INSTRUCTIONS FOR THE TASK :: Your answer must be an exact transcription of the data, with every picture omitted.

INFORMATION PROVIDED ::
━━━━━━

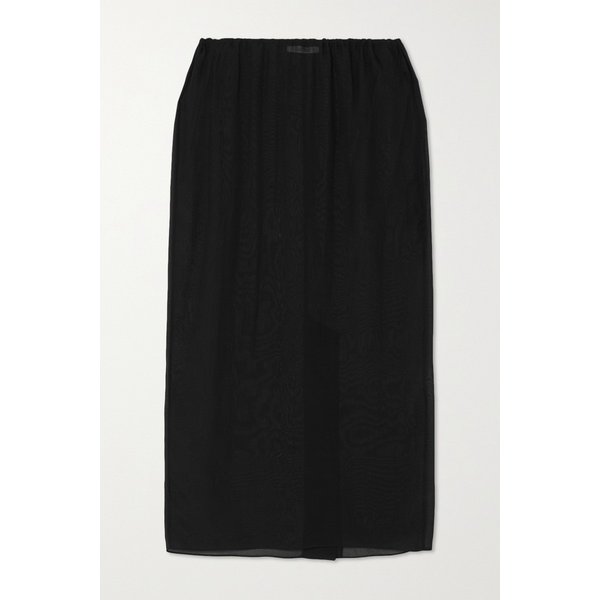 고셰르 실크 시폰 미디 스커트 블랙 1647597290316470
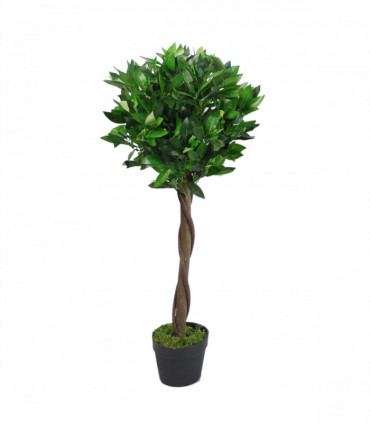 Pair of 90cm (3ft) Twisted Stem Artificial Topiary Bay Laurel Ball Trees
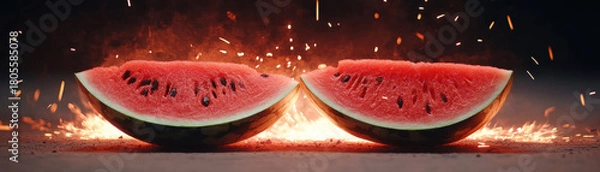 Fototapeta Fiery watermelon slices glowing with sparks and embers on dark background, creating dynamic and intense visual effect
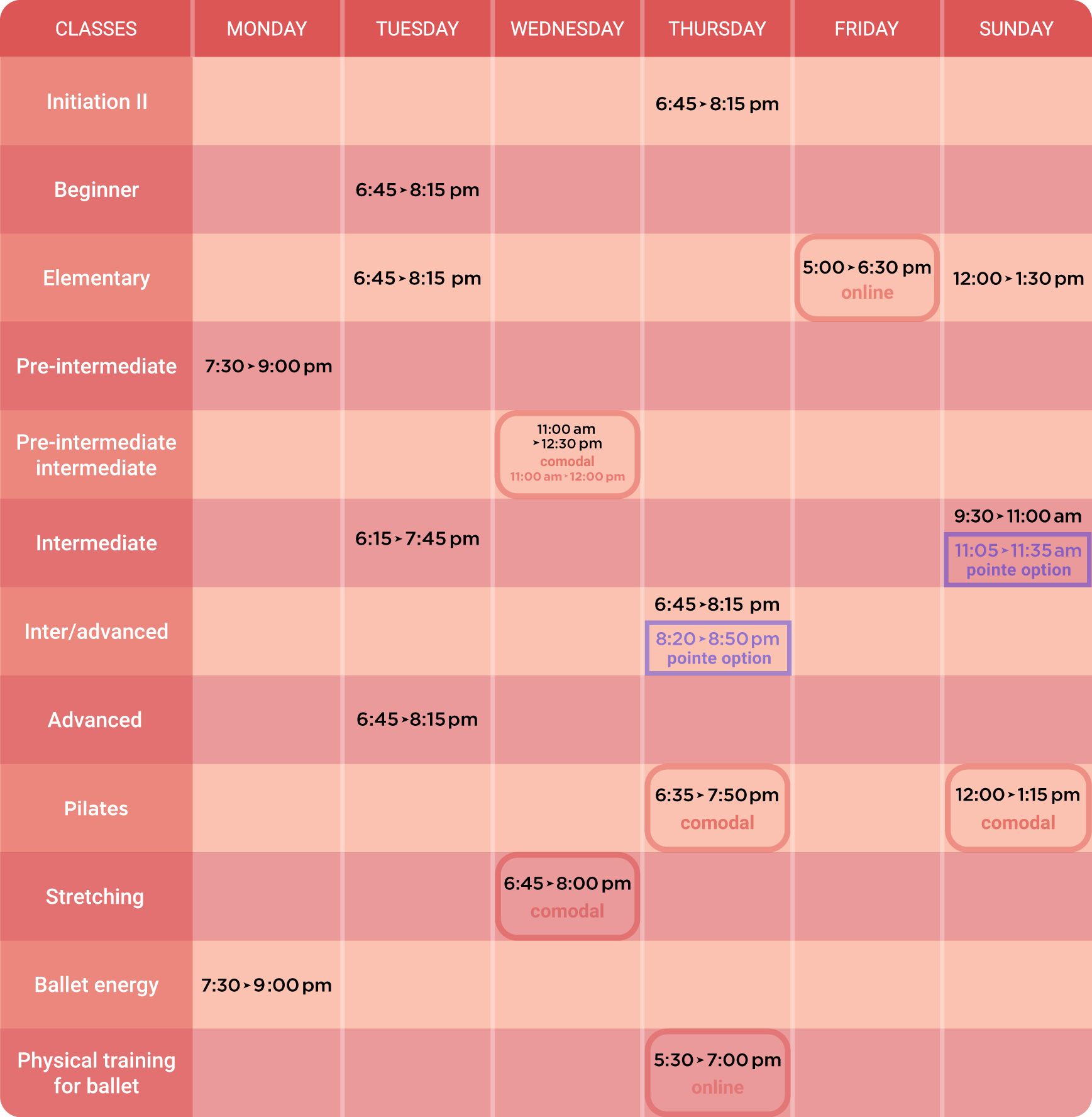 Adults schedule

━━━━━━

RESULT ::
 고셰르 실크 시폰 미디 스커트 블랙 1647597290316470
 Pair of 90cm (3ft) Twisted Stem Artificial Topiary Bay Laurel Ball Trees
 Fototapeta Fiery watermelon slices glowing with sparks and embers on dark background, creating dynamic and intense visual effect
 Adults schedule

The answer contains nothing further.